System administrators often use load averages to quickly assess whether a server is overloaded. These values are easily accessible in tools like uptime and top. However, load averages alone do not provide enough detail about which resource—CPU or I/O—may be causing the bottleneck, and they lack granularity in time and cgroup-specific data.
According to man uptime
:
System load averages is the average number of processes that are either in a runnable or uninterruptable state. A process in a runnable state is either using the CPU or waiting to use the CPU. A process in uninterruptable state is waiting for some I/O access, eg waiting for disk. The averages are taken over the three time intervals. Load averages are not normalized for the number of CPUs in a system, so a load average of 1 means a single CPU system is loaded all the time while on a 4 CPU system it means it was idle 75% of the time.
As one can see from the description, high load averages can mean CPU contention but can also mean I/O contention and it is not possible to distinguish the two from this metric alone. Additionally, load averages represent system-wide metrics, meaning they are not cgroup-aware, and they only provide data for specific time windows (1, 5, and 15 minutes).
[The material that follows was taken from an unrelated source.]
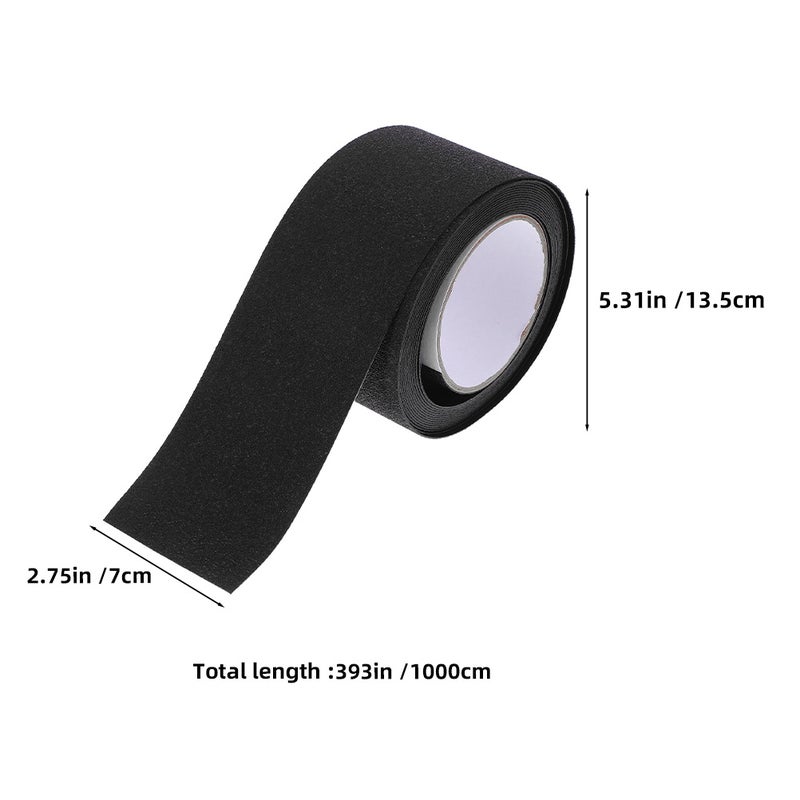 Car Door Sill Protectors Universal Automotive Anti-Collision Strip Door Sill Protectors for Cars Trucks SUV 7*10M - Image 5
Enter Pressure Stall Information
To address these limitations, Linux introduced Pressure Stall Information (PSI) a few years ago. PSI provides a more precise view of contention by measuring how resources like CPU, memory, and I/O are being used.
PSI is available to the userspace on the proc filesystem, under /proc/pressure/<resource>
, such as /proc/pressure/cpu
:
$ cat /proc/pressure/cpu
some avg10=0.00 avg60=0.00 avg300=0.00 total=3490428
full avg10=0.00 avg60=0.00 avg300=0.00 total=0
The values avg10, avg60, and avg300 indicate the average pressure over the past 10 seconds, 60 seconds, and 300 seconds, respectively.
- The “some” line indicates the share of time in which at least some tasks are stalled on a given resource.
- The “full” line indicates the share of time in which all non-idle tasks are stalled on a given resource simultaneously. Full indicates actual CPU time going into waste due to the contention.
In addition to the ratios, one can also see the total stall time in us as the last column.
Lastly, one can access PSI information for specific cgroups under their own cgroup path. This is extremely valuable as limits could have been set on specific groups which will may cause contention on their resources.
In summary, PSI provides deeper insights into system performance by offering resource-specific and cgroup-aware data. By leveraging PSI, system administrators can better pinpoint and resolve issues related to resource contention, improving the overall efficiency of their Linux environments.